Basic earnings (loss) per share

  $ 0.24   $ (0.02 ) $ 0.33   $ (0.17 )
 

Diluted earnings (loss) per share

  $ 0.22   $ (0.02 ) $ 0.30   $ (0.17 )
  • The unaudited pro forma consolidated results of operations were prepared using the acquisition method of accounting and are based on the historical financial information of the Company, Valeant and PharmaSwiss. Except to the extent realized in the three-month and six-month periods ended June 30, 2011, the unaudited pro forma information does not reflect any cost savings, operating synergies and other benefits that the Company may achieve as a result of the Merger or PharmaSwiss acquisition, or the costs necessary to achieve these cost savings, operating synergies and other benefits. In addition, except to the extent recognized in the three-month and six-month periods ended June 30, 2011, the unaudited pro forma information does not reflect the costs to integrate the operations of the Company with Valeant and PharmaSwiss.
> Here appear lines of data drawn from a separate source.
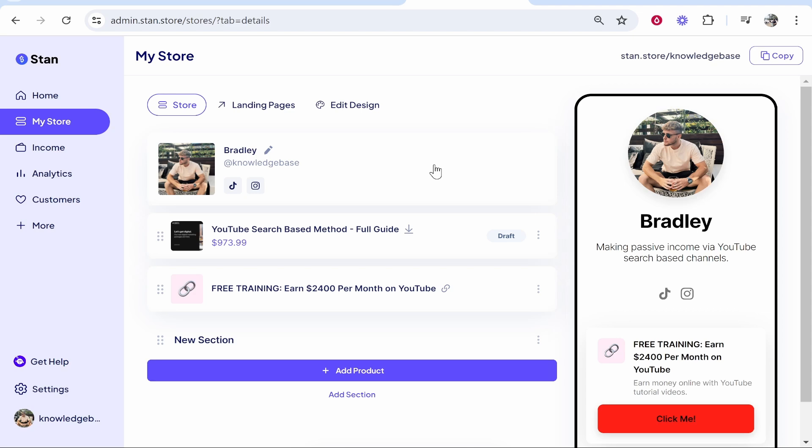In this video I'll show you how you can add your Stand Store link to your Instagram bio. I'll also show you how you can check how it will look like on different devices because you don't want to add your store link and it not look good on certain phones.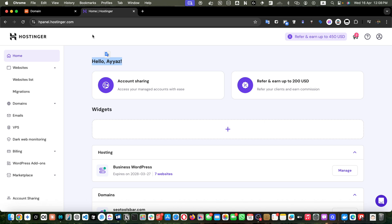Hey everyone, welcome back to iostech. In this quick tutorial I will show you exactly how to point your domain to Hostinger using DNS settings. Whether your domain is from Namecheap, GoDaddy, or any other provider, this will work. So if you are setting up your website on Hostinger and want to connect your domain, you are in the right place. Let's jump right in.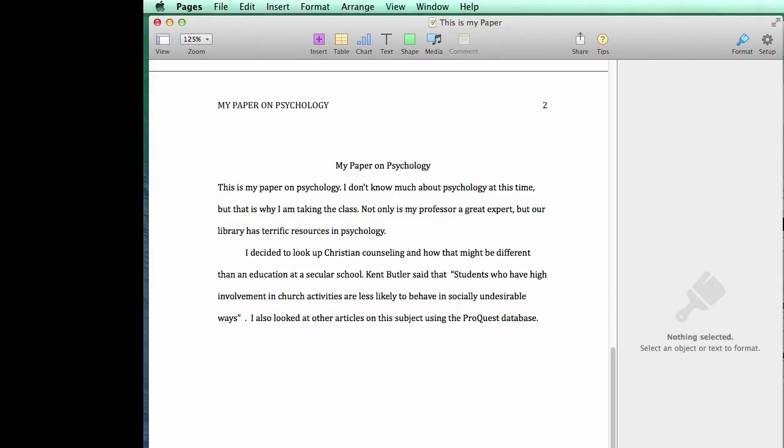I hope this has been helpful, and if you have any other questions, please contact the Steelman Library at Southeastern University. Thank you.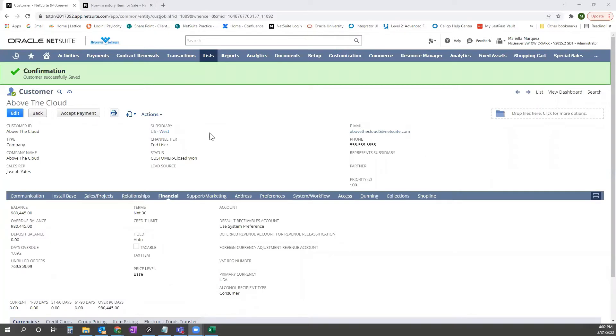Hey guys, this is Mariela with Concentris, and I'm going to walk you through uploading via CSV item pricing for customers.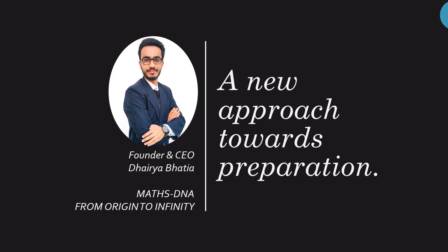Hello Friends, I, Daira Bhatia, welcome you to my YouTube channel Math DNA from Origin to Infinity.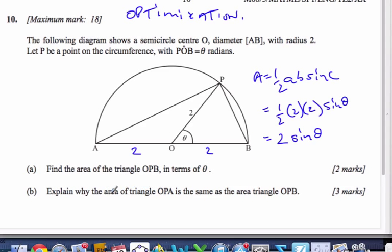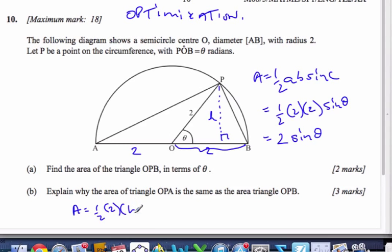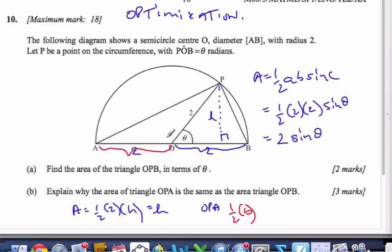Now let's explain why the area of triangle OPA is the same as triangle OPB. If I look at triangle OPB first, here is the base, and here is the height — we'll call it H. So this triangle's area equals half times base, which is 2, times the height H — so 2 times a half times H. That is OPB. If I look at OPA, this is the base, so it's half the base. The height of this triangle is also H. So I get the same result. They are the same because they have equal bases and congruent heights.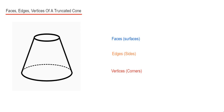Today we're going to look at the number of faces, edges and vertices on a truncated cone.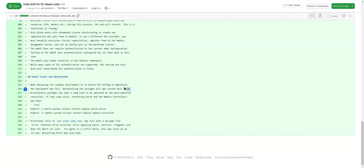Let's go over these one by one. The first known issue is regarding Ubuntu failures. We should probably add a link to the actual issue so people reading this can track it and see if it's already been resolved. Is this still an issue, or has it already been dissolved? That's one of the things reviewers need to verify.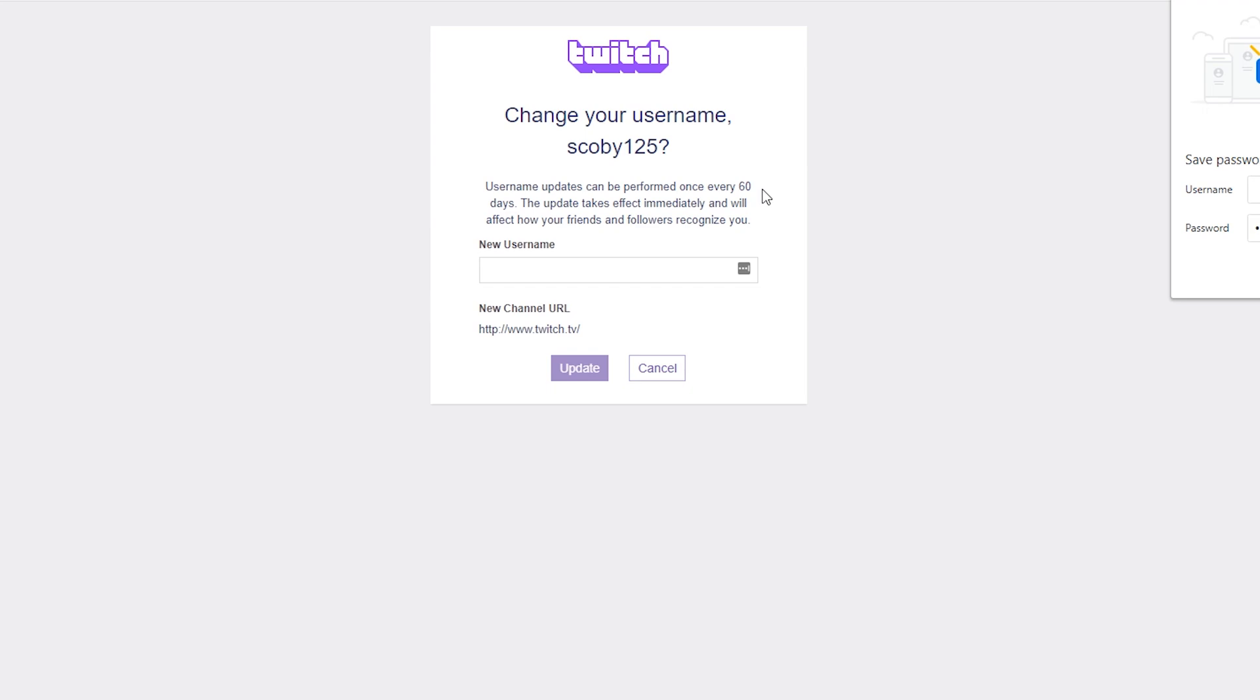From this point we can enter and select any new username you would like to use. As long as it's available on Twitch, you should be able to set it up.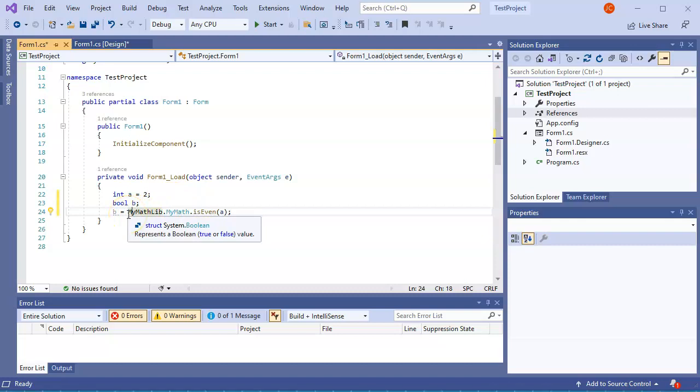And that is how you create a library and how you use it.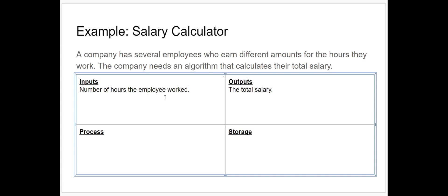Our second input is the rate of pay per hour. We need to know how much money the employee earns per hour in order to calculate their total salary. So we write that in: the employee's rate of pay per hour.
    The unaudited pro forma information is not necessarily indicative of what the Company's consolidated results of operations actually would have been had the PharmaSwiss acquisition and the Merger been completed on January 1, 2010 and January 1, 2009, respectively. In addition, the unaudited pro forma information does not purport to project the future results of operations of the Company. The unaudited pro forma information reflects primarily adjustments consistent with the unaudited pro forma information related to the Merger as reported in the 2010 Form 10-K and the following unaudited pro forma adjustments related to PharmaSwiss:

    elimination of PharmaSwiss's historical intangible asset amortization expense;

    additional amortization expense related to the provisional fair value of identifiable intangible assets acquired; and

    the exclusion from pro forma earnings in the three-month and six-month periods ended June 30, 2011 of the acquisition accounting adjustments on PharmaSwiss's inventory that was sold subsequent to the acquisition date of $15.3 million and $18.8 million, respectively, and the exclusion of acquisition-related costs of $1.4 million in the six-month period ended June 30, 2011, and the inclusion of those amounts in pro forma earnings for the corresponding periods of 2010.

    In addition, all of the above adjustments were adjusted for the applicable tax impact.

    Other

    In the six-month period ended June 30, 2011, the Company acquired Ganehill Pty Limited ("Ganehill"), an Australian company engaged in the marketing and distribution of skin care products under the Invisible Zinc™ brand. The fair value of the total cash and contingent consideration transferred to effect the acquisition of Ganehill was $19.4 million, which was allocated primarily to product brands intangible assets ($12.7 million) and goodwill ($5.4 million). In addition, the Company acquired certain other businesses, including the Canadian rights to ACZONE®, for $6.4 million in the aggregate, which was recorded to identifiable intangible assets. The Company does not consider these acquisitions to be material, individually or in the aggregate, to its consolidated results of operations and is therefore not presenting actual or pro forma financial information.